Copy exactly. Include the line containing "Land Rover Evoque 2021 — фото 6", every line after it, and the last line below, but no pictures.

***** Data segment *****

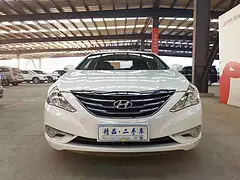 现代 索纳塔 2013款 第八代索纳塔 2.0 手自一体 领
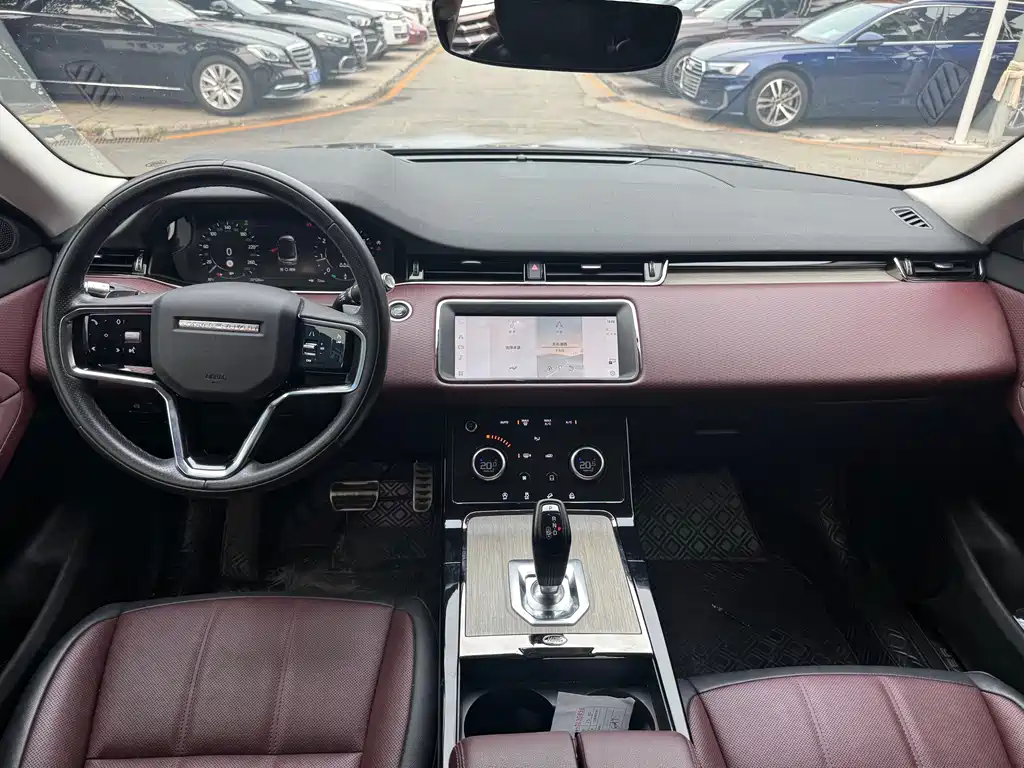 Land Rover Evoque 2021 — фото 6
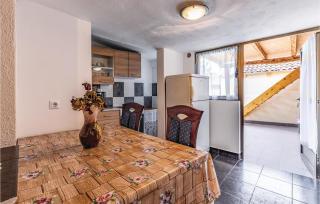 Awesome Apartment In Liznjan With Wifi - 1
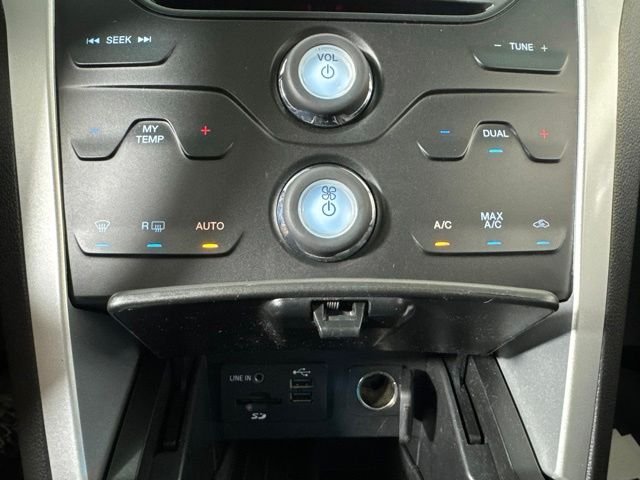 Used 2015 White Ford XLT image 17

*****

§ **Answer**:
 Land Rover Evoque 2021 — фото 6
 Awesome Apartment In Liznjan With Wifi - 1
 Used 2015 White Ford XLT image 17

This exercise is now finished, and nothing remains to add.